I bought this today for $35 in Reading, PA.
I'm not sure what year it is -- I'm assuming it's a '39 because it has the number "39-3367" on it. It's also from the "Model 14 Series."
When I saw the price tag I had to have it.
Wow what a deal! It's a beauty. Congrats!
That was quite a spectacular deal!
You have a Philco 14MX introduced in January 1934. The design of this receiver was inspired by the 1933-34 Century of Progress Exposition in Chicago. It's a great example of "modern" cabinet design from this era.
This radio should sound great and deliver great sensitivity and selectivity from its 9-tube chassis.
Production of this cabinet style was 6,407 in both 8 and 9-tube versions.
And your set appears to be in beautiful condition. Rest assured that it's worth *significantly* more than $35!
This is fantastic news to me! The guy at the antique shop said it was only missing one part and he told us exactly where we could get it. He even gave us a quick run-down of the "map" on the inside:
(my camera's flash is way too bright!)
Do you think we should get it re-wired? Old plugs seem to scare me a little.

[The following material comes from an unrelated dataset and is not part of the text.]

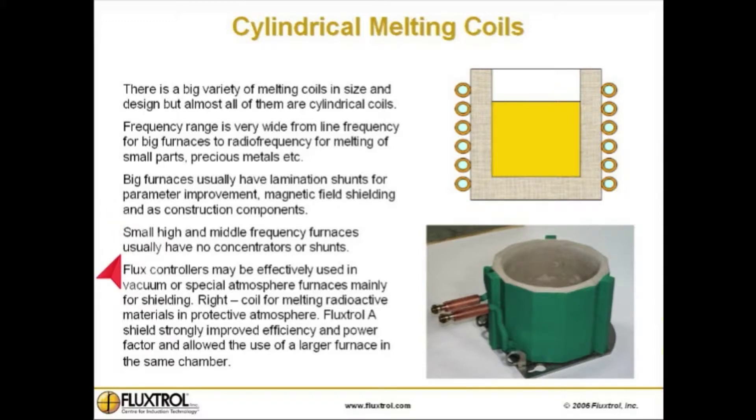Small high and middle frequency furnaces usually have no concentrators or shunts. Flux controllers may be effectively used in vacuum or special atmosphere furnaces mainly for shielding. To the right we see a coil for melting radioactive materials in a protective atmosphere. Flux Troll A shield strongly improved efficiency and power factor and allowed the use of a larger furnace in the same chamber.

The only majour cosmetic flaw is the missing trim around the bottom. Other than that it is in wonderful shape.
Well, what I'd suggest is to have the power cord replaced and you can find a good reproduction of the cloth covered cord... and then, re-attach the original plug. Make sure the prongs on the plug are cleaned and then you'll be set for safe operation using the original plug and preserving its history and authenticity. There is nothing more tacky then a modern plug on an antique electrical appliance! Just because something is old, doesn’t mean it isn’t safe to use.

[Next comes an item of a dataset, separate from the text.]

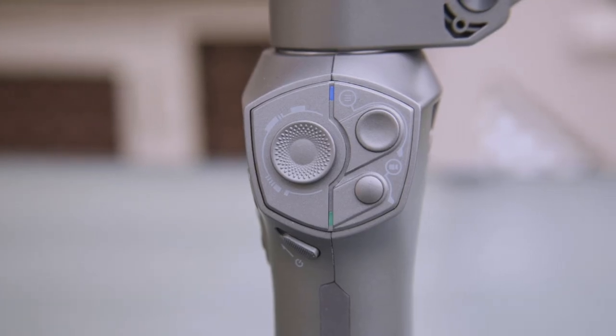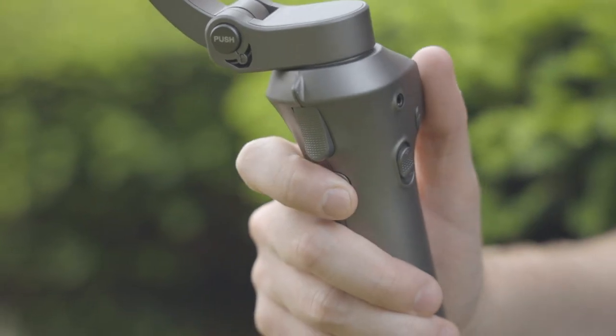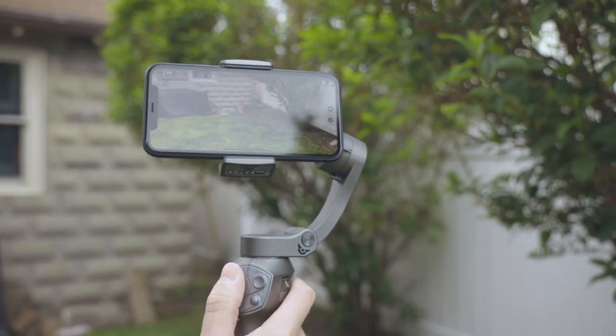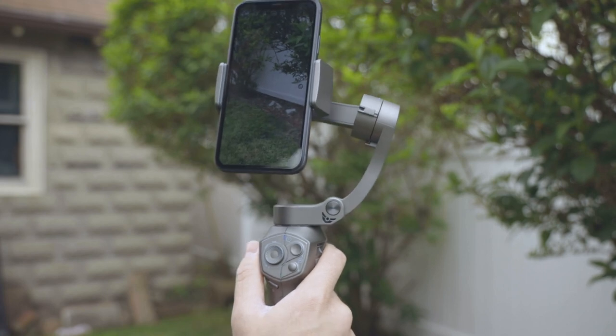It has two customizable buttons — one on the side and one on the back. Both have a long and short press and can be mapped to several different options, including orientation change, which lets you switch from landscape to portrait at the push of a button.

By the way, that radio is amazing! I've never seen one for sale in all my years of collecting... YOU SCORED BIG ON THAT! It's hard to even find a good working table model for $35. bucks! I can't believe that set was priced so cheap! I am envious! If you ever wanna trade radios, by all means, let me know! Hahaha
As is always pointed out to people who get one of these babies, have a competent pro look at it. They have a gizmo (I think it's called a Variac) that turns on the power slowly from zero, so as to test the various parts. If you have bad capacitors the whole thing can go poof. If there's a loud hum, that means the caps are bad. Anyway, get it at least recapped, and that will make it safe to operate. That's just a gorgeous radio. You got VERY lucky. Also, check out the SSTran AMT3000. You can play any input thru your radio with it. Congrats!
I'm sure you know that the missing trim around the bottom matches the fluted trim around the top.
As others have said, have the filter capacitors replaced and the entire chassis checked out by a competent radio technician. When working correctly, this set is capable of very fine performance.
Philco radios made between 1932-1938 are among my all-time favorites. They combine great cabinet design with high performance electronics (for their time). It's not surprising that Philco sold more radios than any other manufacturer during this period of time. And in my opinion, your 14MX is one of the best looking of the lot.
Yes, there is actually a little bit of the bottom trim left on the side. It comes loose. I want to TRY to find maybe the same or very similar style of wood and replace it. My husband says it would be impossible to find and just wants to stain the area where the trim was. He's more interested in getting it to work (so he's avidly reading all of your suggestions -- thanks everyone, by the way.)
Right now we are gluing down some of the wood. As you can see from the first photo, the wood panel on the left side is bumped out. It was all coming loose, but every day we glue a new piece down and we're slowing getting her to LOOK good!
If worse comes to worse, I can always just stick my iPod and some speakers behind it This radio is my BABY!!!! She's perfect. I've always wanted a 1930s streamline moderne floor radio. And the price makes it sweeter.